Il existe de très nombreux orcs et demi-orcs autour de Manzaïr qui se nourrissaient des ressources du lac avant d’en être chassés par les humains. Après des siècles de guérillas, humains et orcs ont fini par s’accepter les uns les autres grâce à une guerre commune victorieusement menée contre les yuanti au cours du cinquante et unième siècle ; une importante société d’orcs et demi-orcs est désormais bien intégrée dans le Gwenderesh, au point que plusieurs appartiennent à la caste des Patriciens. Près de la moitié des pêcheurs sur le Ghozkal sont également orcs ou demi-orcs. Une des particularités des orcs du Gwenderesh consiste en leur propension au maquillage ; ayant compris que les humains les trouvaient laids mais ne voulant pas pour autant leur ressembler tout en se différenciant des orcs « sauvages », orcs et demi-orcs « civilisés » eurent recours à toutes formes de cosmétiques et en premier aux colorations, rendues d’autant plus faciles par les nombreux pigments végétaux de la région, mais aussi tatouages, tresses, voiles, ornements les plus divers, souvent très colorés. Les orcs choisissent des vêtements de couleurs vives et contrastées, souvent conçus pour mettre particulièrement en évidence leurs attributs sexuels, qu’ils soient féminins ou masculins. Le fait est que ça marche et que la sexualité des orcs et orquesses de Gwenderesh est très fantasmée par le reste de la population, non sans de solides et bonnes raisons d’ailleurs.

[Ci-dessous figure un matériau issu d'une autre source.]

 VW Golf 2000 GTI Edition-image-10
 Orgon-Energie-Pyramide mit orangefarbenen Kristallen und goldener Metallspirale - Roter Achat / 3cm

A part les orcs, on trouve d’importants peuplements hobbits dans les environs qui sont établis sous la protection du Rajah. Il existe également de fortes tribus de minotaures gouvernant des esclaves koboldiques et des bandes d’ogres menés par des ogre-mages ; ces dernières ont pratiquement exterminé les goblinoïdes de la région. Les yuan-tis et les gnolls ont été chassés par les orcs et les humains et ont pratiquement disparu.
A la différence de la plupart des Zahires, une forme de fatalisme et de pacifisme, un goût pour l’harmonie et l’équilibre, un certain côté jouisseur, un respect presque inné du corps de l’autre caractérisent le Gwendiri (habitant de la région). La coexistence entre les diverses castes ainsi que le Rajah est presque un modèle de ce qu’il devrait en être et est pourtant rarement ailleurs dans le pays. Le guerrier gwendiri est souvent d’abord un policier, un explorateur ou un chasseur. Un gwendiri préfère se confronter à la nature ou aux monstres plutôt qu’aux autres hommes. En cas de gros problème, le Rajah est appelé pour qu’on recoure à la magie, sinon à des mercenaires.
Le Gwenderesh fait partie du Soshan, ce sud-ouest du Vizan qui menaça de faire sécession et demeure placé dans l’orbite commerciale mais aussi culturelle de Zevjapuhr. Les trois principales cités du Soshan sont Accran, Rompuhr et Manzaïr. A l’étonnement de beaucoup l’actuel Roi des Rois de Vizan, Yimre, a confirmé ce statut et paraît même l’encourager.